Pour seconder la trompette de Louis Gachet, Thomas Gaucher, le droitier, est terriblement efficace. Un son naturel, lumineux, une finesse très musicale, un délié de notes de grande clarté, tout concourt à faire de ses contrechants de la trompette ou ses propres chorus de jolis moments de jazz. Il y a dix ans lors des mémorables soirées-jams du Tunnel à Bordeaux, je me souviens de voir s’avancer timidement un jeune garçon blond avec sa guitare, demandant poliment au maître des lieux Roger Biwandu qui ne le connaissait pas, s’il pouvait « entrer ». En un morceau il avait trouvé sa place, revenant gratter ses cordes de temps en temps dans cette cave aujourd’hui fermée. Beaucoup de chemin de fait depuis.

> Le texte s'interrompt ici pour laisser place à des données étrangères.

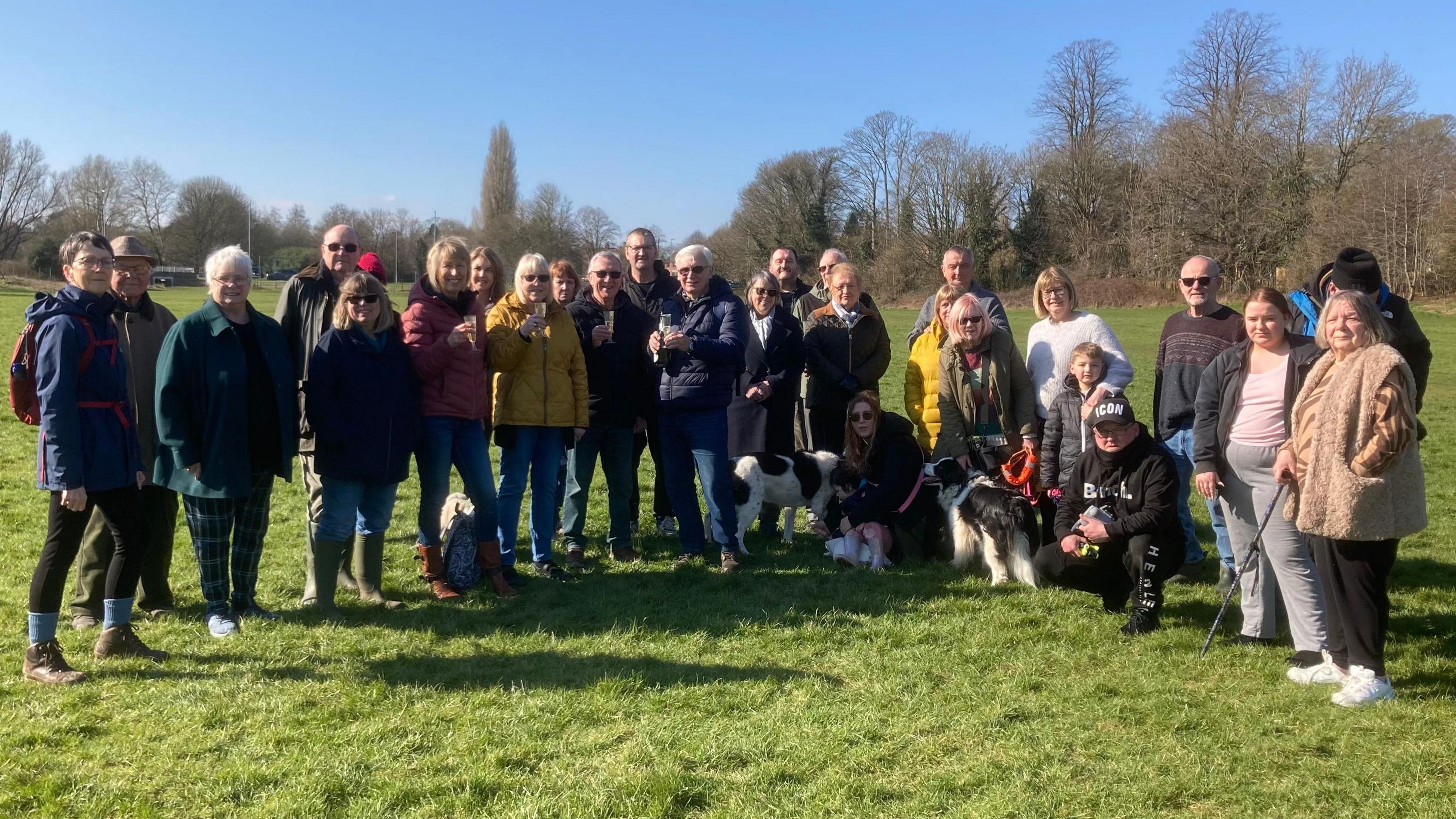 About 30 people standing in a semicircle of various ages. Many are wearing anoraks. There are four dogs within the group.  They are standing in a grass field with trees behind them.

Voilà maintenant Art Farmer évoqué à travers la composition de Benny Golson « Fair Weather » et son thème heureux qui va et vient au milieu des impros. Une intro bien excitée et syncopée pour « Straight Ahead » de Kenny Dorham, pas le plus célèbre des trompettistes mais compagnon de jeu des plus grands. On reste dans le hard bop avec un de ses pionniers, Dizzy Gillespie. Trompette et guitare se répondent dans une belle harmonie.

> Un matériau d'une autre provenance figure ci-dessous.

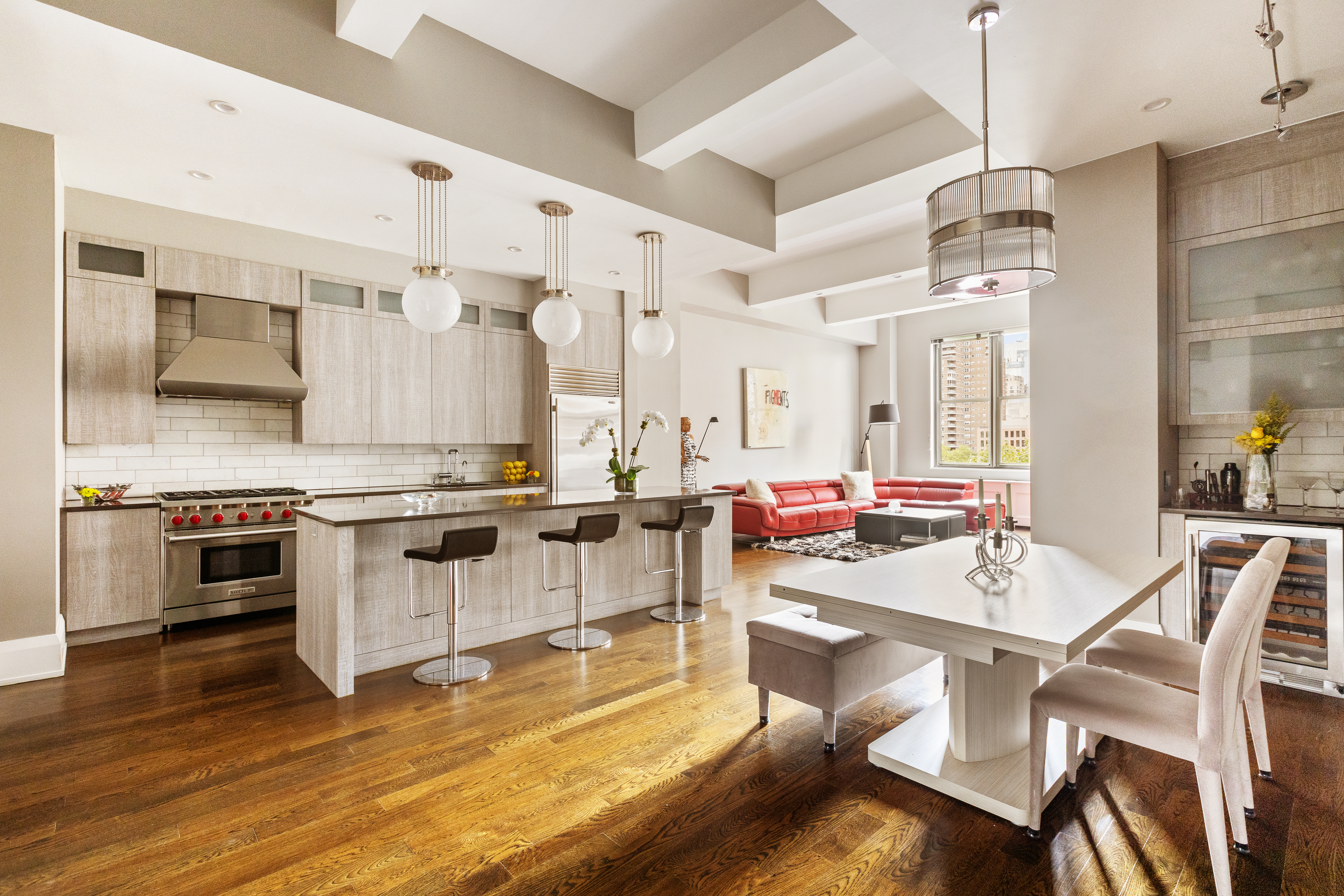 263 9th Avenue, Unit 5B Manhattan, NY 10001 - Photo 2 of 14 a kitchen with stainless steel appliances a stove a sink dishwasher and white cabinets with wooden floor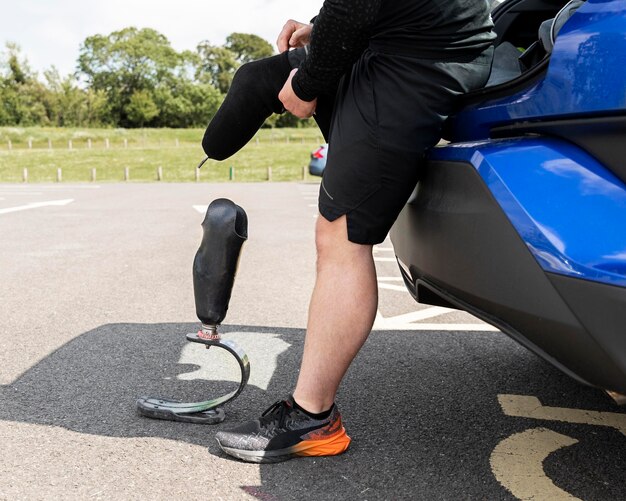 Athlete with prosthetic leg close up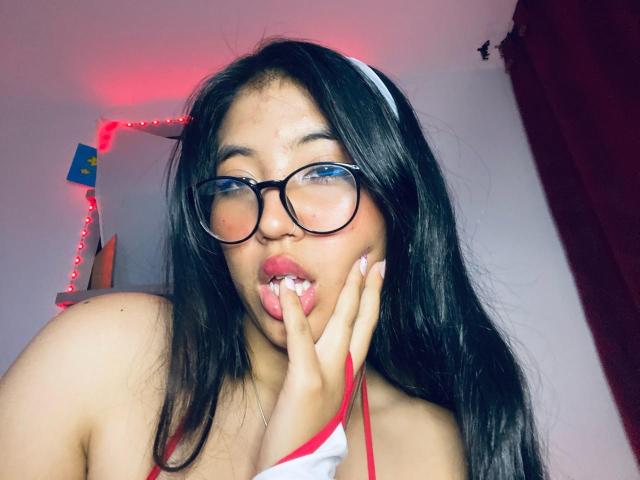 Elizaa, con cabello negro largo, gafas y labios rosados, chupándose el dedo, vistiendo un top blanco con tirantes, una correa roja y una diadema blanca. Una tira de LED roja en el fondo..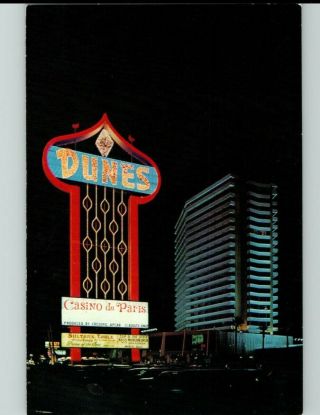 Vintage Dunes Hotel Postcard Casino De Paris Nighttime Neon Las Vegas Strip Nv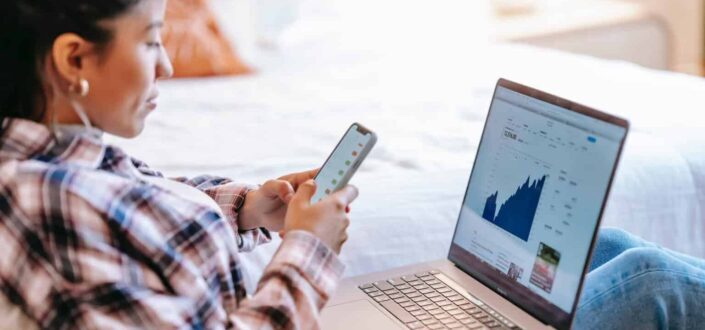 woman using phone and laptop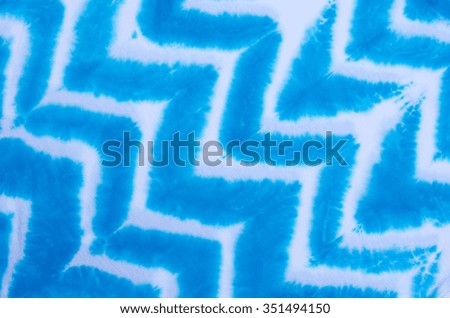 zigzag tie dyed pattern on cotton fabric for background.
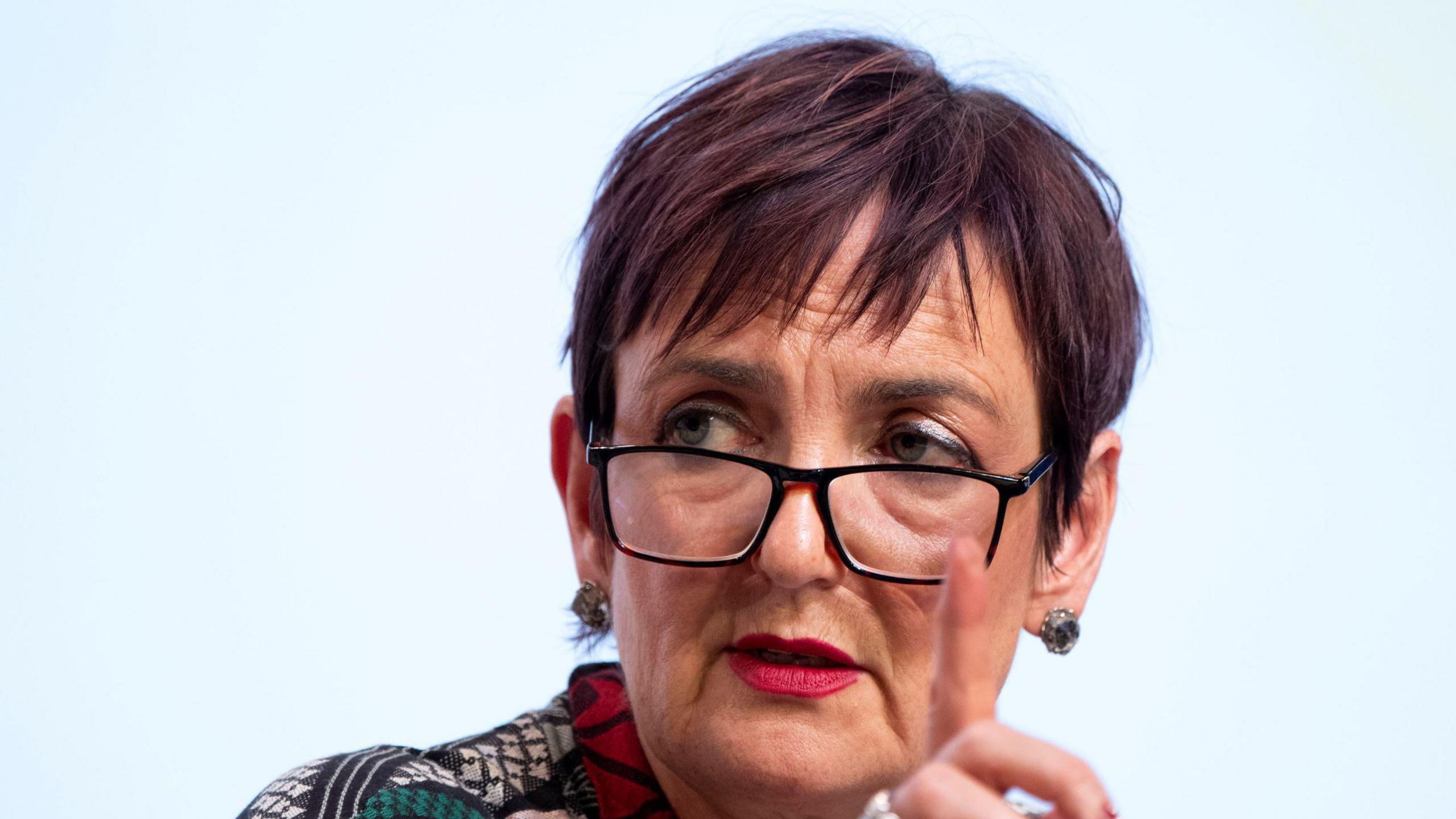 Head shot of Angela Constance, wearing glasses and with a hand raised, suggesting she is raising a point 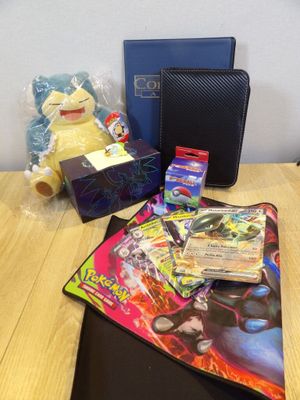 a pokemon trading card game on a table next to a box of cards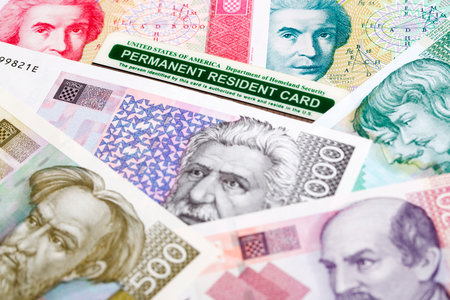 American Permanent Resident Card on Croatian money - kunaの写真素材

Lee Morgan est convoqué maintenant avec « A Waltz for Fran » une ballade valse sur laquelle un couple va venir danser, gage du bien-être qui règne dans le lieu. Toujours Lee pour « Is that so ? » avant de célébrer Clifford Brown sur une composition de Sonny Rollins « Valse hot ». L’histoire défile, le temps aussi voilà le dernier titre et on boucle la boucle avec Miles Davis et ce titre du mythique Kind of Blue, « Blue in green », pas le plus facile, où le jeu en sourdine de Louis est du plus bel effet.
Rappel bien sûr demandé spontanément par un public pas forcément spécialiste du jazz mais qui s’est laissé séduire par ce quartet fusionnel. « Two Bass Hit » joué par Miles et Dizzy et maintenant par Louis.
Excellent concert les gars, tout le monde est heureux.
Prochain Jazz Club Ambès le vendredi 5 janvier 2024.